#### Listed entries:
[Start of section]
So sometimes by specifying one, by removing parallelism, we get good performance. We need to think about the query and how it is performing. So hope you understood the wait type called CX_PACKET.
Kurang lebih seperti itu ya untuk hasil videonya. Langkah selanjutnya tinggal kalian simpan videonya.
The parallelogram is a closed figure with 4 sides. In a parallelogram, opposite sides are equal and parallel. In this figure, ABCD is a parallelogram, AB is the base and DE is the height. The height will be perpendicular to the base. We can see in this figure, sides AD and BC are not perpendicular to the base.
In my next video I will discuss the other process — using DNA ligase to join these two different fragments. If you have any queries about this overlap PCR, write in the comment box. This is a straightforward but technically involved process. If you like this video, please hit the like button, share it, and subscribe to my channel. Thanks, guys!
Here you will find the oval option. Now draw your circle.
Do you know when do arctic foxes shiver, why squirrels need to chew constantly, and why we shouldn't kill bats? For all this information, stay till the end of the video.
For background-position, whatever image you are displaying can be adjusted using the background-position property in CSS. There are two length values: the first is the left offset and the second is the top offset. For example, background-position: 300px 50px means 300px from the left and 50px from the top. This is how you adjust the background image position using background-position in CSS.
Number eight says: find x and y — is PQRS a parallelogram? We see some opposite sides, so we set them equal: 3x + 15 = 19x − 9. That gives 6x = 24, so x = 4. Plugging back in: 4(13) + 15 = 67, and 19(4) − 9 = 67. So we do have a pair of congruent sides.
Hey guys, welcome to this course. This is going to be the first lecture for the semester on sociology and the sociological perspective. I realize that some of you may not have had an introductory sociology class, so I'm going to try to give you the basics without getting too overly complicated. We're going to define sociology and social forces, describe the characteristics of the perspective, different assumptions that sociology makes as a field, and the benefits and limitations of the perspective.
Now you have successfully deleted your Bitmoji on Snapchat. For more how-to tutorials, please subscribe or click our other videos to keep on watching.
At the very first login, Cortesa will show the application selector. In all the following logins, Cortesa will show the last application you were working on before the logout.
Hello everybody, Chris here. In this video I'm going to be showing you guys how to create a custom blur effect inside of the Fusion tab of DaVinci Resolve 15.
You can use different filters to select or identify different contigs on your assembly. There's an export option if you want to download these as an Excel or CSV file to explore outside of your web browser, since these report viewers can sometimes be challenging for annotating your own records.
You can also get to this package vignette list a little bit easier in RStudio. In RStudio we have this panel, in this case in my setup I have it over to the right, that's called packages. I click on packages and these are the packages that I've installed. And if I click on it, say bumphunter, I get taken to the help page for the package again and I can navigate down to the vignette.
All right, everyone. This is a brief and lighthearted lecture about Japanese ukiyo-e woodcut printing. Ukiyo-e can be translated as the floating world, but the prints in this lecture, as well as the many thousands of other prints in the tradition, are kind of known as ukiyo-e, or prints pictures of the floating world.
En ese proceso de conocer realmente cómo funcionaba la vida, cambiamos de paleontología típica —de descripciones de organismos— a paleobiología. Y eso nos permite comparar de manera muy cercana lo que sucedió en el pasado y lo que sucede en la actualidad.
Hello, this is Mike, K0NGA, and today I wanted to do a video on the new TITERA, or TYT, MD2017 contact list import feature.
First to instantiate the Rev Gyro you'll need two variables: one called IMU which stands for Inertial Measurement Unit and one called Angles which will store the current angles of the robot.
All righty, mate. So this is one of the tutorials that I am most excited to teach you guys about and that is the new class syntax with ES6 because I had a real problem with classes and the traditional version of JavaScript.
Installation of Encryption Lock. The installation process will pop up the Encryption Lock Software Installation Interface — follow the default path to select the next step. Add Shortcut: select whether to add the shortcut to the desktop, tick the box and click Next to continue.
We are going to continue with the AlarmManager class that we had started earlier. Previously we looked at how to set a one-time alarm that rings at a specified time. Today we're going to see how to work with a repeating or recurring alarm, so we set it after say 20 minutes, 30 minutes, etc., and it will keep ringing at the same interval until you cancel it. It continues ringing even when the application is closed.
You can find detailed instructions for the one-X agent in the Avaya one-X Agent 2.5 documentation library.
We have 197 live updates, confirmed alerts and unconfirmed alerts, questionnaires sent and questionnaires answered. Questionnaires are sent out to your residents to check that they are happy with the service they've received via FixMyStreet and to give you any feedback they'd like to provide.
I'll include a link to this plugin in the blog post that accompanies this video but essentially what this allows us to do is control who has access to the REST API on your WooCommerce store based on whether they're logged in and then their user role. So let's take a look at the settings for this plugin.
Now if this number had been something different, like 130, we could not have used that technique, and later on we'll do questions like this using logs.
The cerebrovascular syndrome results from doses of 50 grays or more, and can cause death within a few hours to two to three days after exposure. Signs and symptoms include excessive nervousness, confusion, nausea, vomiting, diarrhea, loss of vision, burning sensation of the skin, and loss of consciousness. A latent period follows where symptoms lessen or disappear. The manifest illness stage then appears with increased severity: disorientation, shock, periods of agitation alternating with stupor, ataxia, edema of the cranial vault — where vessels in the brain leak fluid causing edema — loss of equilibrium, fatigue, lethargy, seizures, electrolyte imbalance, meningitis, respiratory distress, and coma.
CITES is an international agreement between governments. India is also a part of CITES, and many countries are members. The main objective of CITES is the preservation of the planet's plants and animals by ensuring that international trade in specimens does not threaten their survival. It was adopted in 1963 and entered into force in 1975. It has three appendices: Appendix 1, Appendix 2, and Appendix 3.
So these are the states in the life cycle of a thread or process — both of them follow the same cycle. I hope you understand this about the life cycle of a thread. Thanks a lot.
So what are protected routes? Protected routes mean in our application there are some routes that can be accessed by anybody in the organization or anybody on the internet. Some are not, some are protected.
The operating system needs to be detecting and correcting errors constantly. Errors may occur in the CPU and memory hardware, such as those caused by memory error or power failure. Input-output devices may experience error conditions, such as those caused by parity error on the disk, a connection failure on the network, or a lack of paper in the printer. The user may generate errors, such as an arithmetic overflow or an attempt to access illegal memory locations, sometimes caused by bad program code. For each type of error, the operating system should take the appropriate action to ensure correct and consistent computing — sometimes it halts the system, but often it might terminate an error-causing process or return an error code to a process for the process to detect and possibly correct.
[End of section]
#### Exercise objective:
Set every entry down once more, exactly as written above.

#### Solution for this exercise:
So sometimes by specifying one, by removing parallelism, we get good performance. We need to think about the query and how it is performing. So hope you understood the wait type called CX_PACKET.
Kurang lebih seperti itu ya untuk hasil videonya. Langkah selanjutnya tinggal kalian simpan videonya.
The parallelogram is a closed figure with 4 sides. In a parallelogram, opposite sides are equal and parallel. In this figure, ABCD is a parallelogram, AB is the base and DE is the height. The height will be perpendicular to the base. We can see in this figure, sides AD and BC are not perpendicular to the base.
In my next video I will discuss the other process — using DNA ligase to join these two different fragments. If you have any queries about this overlap PCR, write in the comment box. This is a straightforward but technically involved process. If you like this video, please hit the like button, share it, and subscribe to my channel. Thanks, guys!
Here you will find the oval option. Now draw your circle.
Do you know when do arctic foxes shiver, why squirrels need to chew constantly, and why we shouldn't kill bats? For all this information, stay till the end of the video.
For background-position, whatever image you are displaying can be adjusted using the background-position property in CSS. There are two length values: the first is the left offset and the second is the top offset. For example, background-position: 300px 50px means 300px from the left and 50px from the top. This is how you adjust the background image position using background-position in CSS.
Number eight says: find x and y — is PQRS a parallelogram? We see some opposite sides, so we set them equal: 3x + 15 = 19x − 9. That gives 6x = 24, so x = 4. Plugging back in: 4(13) + 15 = 67, and 19(4) − 9 = 67. So we do have a pair of congruent sides.
Hey guys, welcome to this course. This is going to be the first lecture for the semester on sociology and the sociological perspective. I realize that some of you may not have had an introductory sociology class, so I'm going to try to give you the basics without getting too overly complicated. We're going to define sociology and social forces, describe the characteristics of the perspective, different assumptions that sociology makes as a field, and the benefits and limitations of the perspective.
Now you have successfully deleted your Bitmoji on Snapchat. For more how-to tutorials, please subscribe or click our other videos to keep on watching.
At the very first login, Cortesa will show the application selector. In all the following logins, Cortesa will show the last application you were working on before the logout.
Hello everybody, Chris here. In this video I'm going to be showing you guys how to create a custom blur effect inside of the Fusion tab of DaVinci Resolve 15.
You can use different filters to select or identify different contigs on your assembly. There's an export option if you want to download these as an Excel or CSV file to explore outside of your web browser, since these report viewers can sometimes be challenging for annotating your own records.
You can also get to this package vignette list a little bit easier in RStudio. In RStudio we have this panel, in this case in my setup I have it over to the right, that's called packages. I click on packages and these are the packages that I've installed. And if I click on it, say bumphunter, I get taken to the help page for the package again and I can navigate down to the vignette.
All right, everyone. This is a brief and lighthearted lecture about Japanese ukiyo-e woodcut printing. Ukiyo-e can be translated as the floating world, but the prints in this lecture, as well as the many thousands of other prints in the tradition, are kind of known as ukiyo-e, or prints pictures of the floating world.
En ese proceso de conocer realmente cómo funcionaba la vida, cambiamos de paleontología típica —de descripciones de organismos— a paleobiología. Y eso nos permite comparar de manera muy cercana lo que sucedió en el pasado y lo que sucede en la actualidad.
Hello, this is Mike, K0NGA, and today I wanted to do a video on the new TITERA, or TYT, MD2017 contact list import feature.
First to instantiate the Rev Gyro you'll need two variables: one called IMU which stands for Inertial Measurement Unit and one called Angles which will store the current angles of the robot.
All righty, mate. So this is one of the tutorials that I am most excited to teach you guys about and that is the new class syntax with ES6 because I had a real problem with classes and the traditional version of JavaScript.
Installation of Encryption Lock. The installation process will pop up the Encryption Lock Software Installation Interface — follow the default path to select the next step. Add Shortcut: select whether to add the shortcut to the desktop, tick the box and click Next to continue.
We are going to continue with the AlarmManager class that we had started earlier. Previously we looked at how to set a one-time alarm that rings at a specified time. Today we're going to see how to work with a repeating or recurring alarm, so we set it after say 20 minutes, 30 minutes, etc., and it will keep ringing at the same interval until you cancel it. It continues ringing even when the application is closed.
You can find detailed instructions for the one-X agent in the Avaya one-X Agent 2.5 documentation library.
We have 197 live updates, confirmed alerts and unconfirmed alerts, questionnaires sent and questionnaires answered. Questionnaires are sent out to your residents to check that they are happy with the service they've received via FixMyStreet and to give you any feedback they'd like to provide.
I'll include a link to this plugin in the blog post that accompanies this video but essentially what this allows us to do is control who has access to the REST API on your WooCommerce store based on whether they're logged in and then their user role. So let's take a look at the settings for this plugin.
Now if this number had been something different, like 130, we could not have used that technique, and later on we'll do questions like this using logs.
The cerebrovascular syndrome results from doses of 50 grays or more, and can cause death within a few hours to two to three days after exposure. Signs and symptoms include excessive nervousness, confusion, nausea, vomiting, diarrhea, loss of vision, burning sensation of the skin, and loss of consciousness. A latent period follows where symptoms lessen or disappear. The manifest illness stage then appears with increased severity: disorientation, shock, periods of agitation alternating with stupor, ataxia, edema of the cranial vault — where vessels in the brain leak fluid causing edema — loss of equilibrium, fatigue, lethargy, seizures, electrolyte imbalance, meningitis, respiratory distress, and coma.
CITES is an international agreement between governments. India is also a part of CITES, and many countries are members. The main objective of CITES is the preservation of the planet's plants and animals by ensuring that international trade in specimens does not threaten their survival. It was adopted in 1963 and entered into force in 1975. It has three appendices: Appendix 1, Appendix 2, and Appendix 3.
So these are the states in the life cycle of a thread or process — both of them follow the same cycle. I hope you understand this about the life cycle of a thread. Thanks a lot.
So what are protected routes? Protected routes mean in our application there are some routes that can be accessed by anybody in the organization or anybody on the internet. Some are not, some are protected.
The operating system needs to be detecting and correcting errors constantly. Errors may occur in the CPU and memory hardware, such as those caused by memory error or power failure. Input-output devices may experience error conditions, such as those caused by parity error on the disk, a connection failure on the network, or a lack of paper in the printer. The user may generate errors, such as an arithmetic overflow or an attempt to access illegal memory locations, sometimes caused by bad program code. For each type of error, the operating system should take the appropriate action to ensure correct and consistent computing — sometimes it halts the system, but often it might terminate an error-causing process or return an error code to a process for the process to detect and possibly correct.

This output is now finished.